The big news and drama of this speedway night has already taken place before the cameras rolled and, sadly, hasn’t been caught for posterity – namely, the sudden fire that engulfed Hans Andersen’s “number one” bike in the pits. No second invitation is required to trot out a few fire related puns about “red hot” Hans and his equipment, indeed Jonathan Green soon warms to the opportunity provided, “we’ve often used the expression ‘Hans Andersen is on fire’ and he literally was”. Er, actually, he literally wasn’t, his bike was! When news filters through that shock-horror Hans will have to borrow a bike (from Iversen) it rages like a forest fire as a topic to chatter about. Kelvin talks about this incident in a tone that implies he’s lost a much loved but distant relation, “that’s far from ideal” before we learn the borrowed bike has a “different engine [GM], handlebars and seat position”. It probably has different coloured mudguards too but Kelv is still too shocked to mention this, “coming out on borrowed equipment, that’s just not the way he’d want to start a meeting!” In the commentary box, Johnno believes “it’s not ideal to go out on a strange bike” and Nigel Pearson thinks it’s “far from ideal preparation” when you have to face Leigh Adams on his home track. His subsequent talk that the taciturn Aussie is “the master of Blunsdon” is clear evidence that the Millard book of clichés lays open beside him in the commentary booth. The fact that Andersen has chosen not to use the second bike that he has brought along with him also generates endless further chuntering.
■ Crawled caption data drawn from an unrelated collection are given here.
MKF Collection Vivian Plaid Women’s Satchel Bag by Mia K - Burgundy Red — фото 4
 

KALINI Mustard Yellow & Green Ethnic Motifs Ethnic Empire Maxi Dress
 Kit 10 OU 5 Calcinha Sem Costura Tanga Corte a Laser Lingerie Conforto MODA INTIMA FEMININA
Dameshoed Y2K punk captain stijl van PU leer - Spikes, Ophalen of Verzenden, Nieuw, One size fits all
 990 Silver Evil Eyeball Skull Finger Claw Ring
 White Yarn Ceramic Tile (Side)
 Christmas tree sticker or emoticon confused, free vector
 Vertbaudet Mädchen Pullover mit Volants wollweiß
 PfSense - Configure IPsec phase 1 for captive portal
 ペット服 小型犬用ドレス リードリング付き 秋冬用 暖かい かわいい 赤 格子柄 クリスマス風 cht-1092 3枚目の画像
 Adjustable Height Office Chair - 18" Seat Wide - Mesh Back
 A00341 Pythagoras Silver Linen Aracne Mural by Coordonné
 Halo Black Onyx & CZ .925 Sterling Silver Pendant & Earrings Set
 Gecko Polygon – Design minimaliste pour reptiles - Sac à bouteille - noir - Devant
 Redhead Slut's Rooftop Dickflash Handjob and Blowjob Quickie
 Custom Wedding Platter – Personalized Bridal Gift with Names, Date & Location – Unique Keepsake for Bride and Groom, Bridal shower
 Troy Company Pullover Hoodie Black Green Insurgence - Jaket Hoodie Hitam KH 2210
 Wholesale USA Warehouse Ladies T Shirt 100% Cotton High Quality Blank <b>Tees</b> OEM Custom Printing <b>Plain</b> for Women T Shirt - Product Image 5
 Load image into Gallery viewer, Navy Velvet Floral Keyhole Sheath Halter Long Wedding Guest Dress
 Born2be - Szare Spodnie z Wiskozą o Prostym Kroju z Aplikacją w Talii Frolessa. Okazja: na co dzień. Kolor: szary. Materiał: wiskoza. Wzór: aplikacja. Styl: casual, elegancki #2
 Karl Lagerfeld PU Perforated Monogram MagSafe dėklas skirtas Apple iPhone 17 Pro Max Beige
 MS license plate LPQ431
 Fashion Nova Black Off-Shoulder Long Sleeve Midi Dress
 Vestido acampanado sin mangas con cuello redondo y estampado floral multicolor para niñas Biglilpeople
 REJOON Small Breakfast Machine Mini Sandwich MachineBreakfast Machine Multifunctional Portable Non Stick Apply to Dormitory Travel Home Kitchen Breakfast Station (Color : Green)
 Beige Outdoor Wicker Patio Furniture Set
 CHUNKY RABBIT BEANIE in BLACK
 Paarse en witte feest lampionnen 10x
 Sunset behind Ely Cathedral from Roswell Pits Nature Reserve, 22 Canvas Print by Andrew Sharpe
Hans finishes second on a bike without any sign of stabilisers and Jonathan just can’t contain himself any longer in the handover to Sarra for the interview with the victorious Leigh Adams, “I’m sure you’re as curious as I am – what’s the track like?” We then learn it’s “a bit choppy” because they “struggle to get the water into it” – something of an understatement as the track alleged had a bone dry surface and difficulty filling the Blunsdon bowser meant that additional supplies of the wet stuff wasn’t readily available to rectify this state of affairs (or stop the subsequent dust). It’s a theme Nigel effortlessly picks up on in the next race, “a choppy track to be fair – difficult conditions”. We’re not exactly spoilt for exciting races or overtaking after the first bend in the first few races, so these can’t – even on Sky where hyperbole is always stratospheric – realistically be hailed as the best speedway races ever seen. Consequently Nigel has to finesse things for the viewer with some flowery but bland comment. So we’re treated to a mock debate (“I say the best rider around never to win a world title, what do you say Johnno?”), a comparison of the disposition of riders (“always got a smile on his face”), some verbiage (“as the bikes roar and referee Chris Durno lets the tapes go high”), speculative interpretation (“Richardson had a nervous glance over his shoulder”) before the piece de resistance “watch for Ulamek’s celebration when he wins – he loves it here – may be he’s not going to bother cos of that damaged hand and ruins my theory”. Undeterred by this let down, Nigel contradicts the evidence of our own eyes but knows full well if you say something often enough then, in true NLP fashion, it soon becomes the accepted truth (or, at least, the recollection of the thing afterwards), “we are seeing some entertaining speedway in the first part of this meeting”.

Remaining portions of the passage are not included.